Activity: The lines below, from the one holding "麻豆 艾鲤 文群师父：乙木东谈主奈何好命？" through the final line, are to be copied exactly, with no other lines and no pictures.

Short descriptive text snippets:
---+---

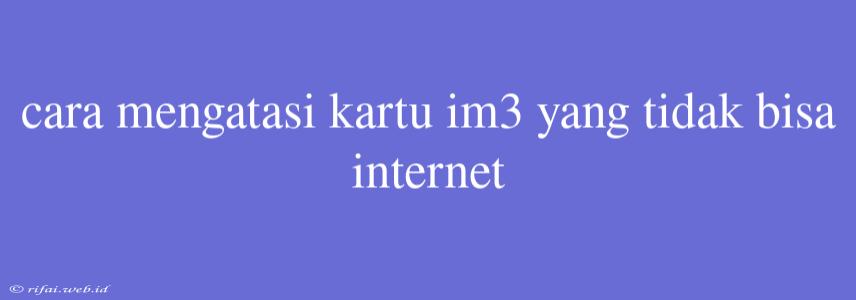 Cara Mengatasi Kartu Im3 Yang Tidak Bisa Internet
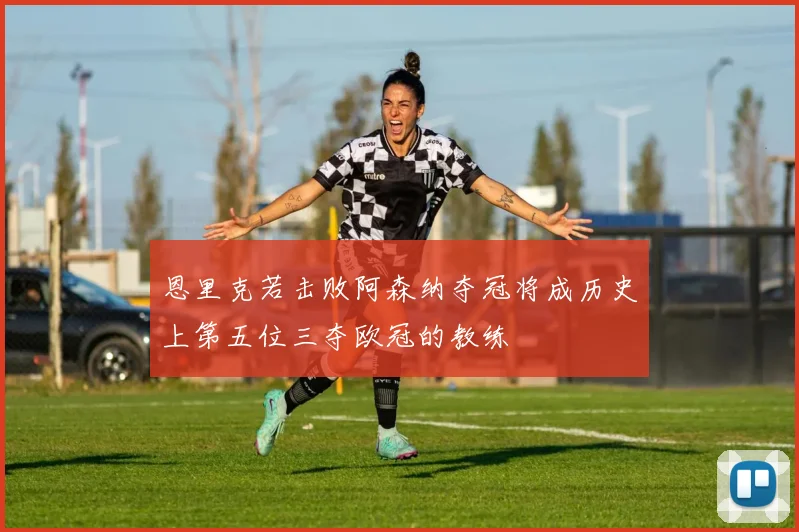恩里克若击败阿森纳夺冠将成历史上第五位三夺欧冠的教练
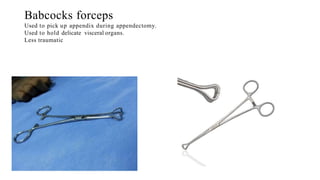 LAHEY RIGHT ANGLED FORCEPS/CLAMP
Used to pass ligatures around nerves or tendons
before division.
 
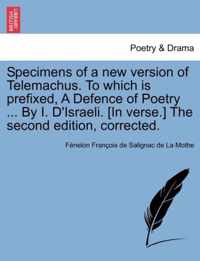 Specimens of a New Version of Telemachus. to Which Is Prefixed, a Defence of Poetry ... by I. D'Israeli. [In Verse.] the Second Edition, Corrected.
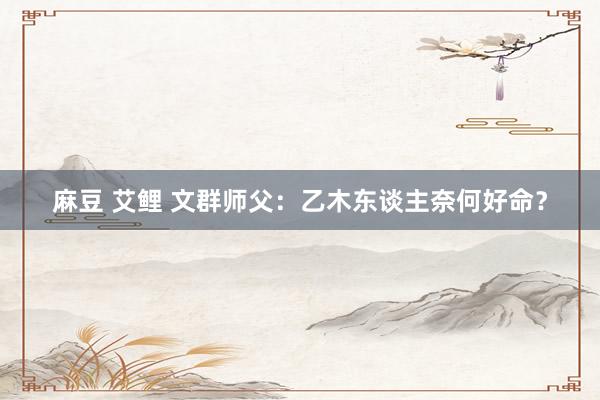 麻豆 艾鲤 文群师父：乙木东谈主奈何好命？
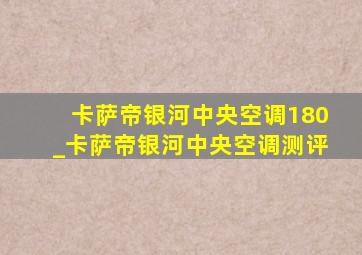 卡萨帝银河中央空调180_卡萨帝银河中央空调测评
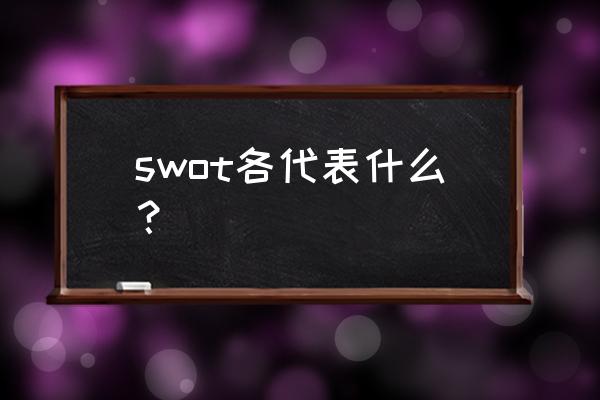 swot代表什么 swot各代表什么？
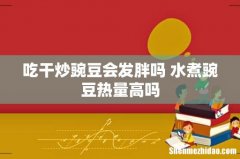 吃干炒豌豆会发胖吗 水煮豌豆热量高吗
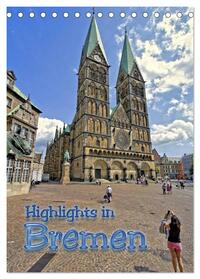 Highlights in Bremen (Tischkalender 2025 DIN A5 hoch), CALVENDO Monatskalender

---+---

Solution:
 麻豆 艾鲤 文群师父：乙木东谈主奈何好命？
 卡萨帝银河中央空调180_卡萨帝银河中央空调测评
 swot代表什么 swot各代表什么？
 吃干炒豌豆会发胖吗 水煮豌豆热量高吗
 Highlights in Bremen (Tischkalender 2025 DIN A5 hoch), CALVENDO Monatskalender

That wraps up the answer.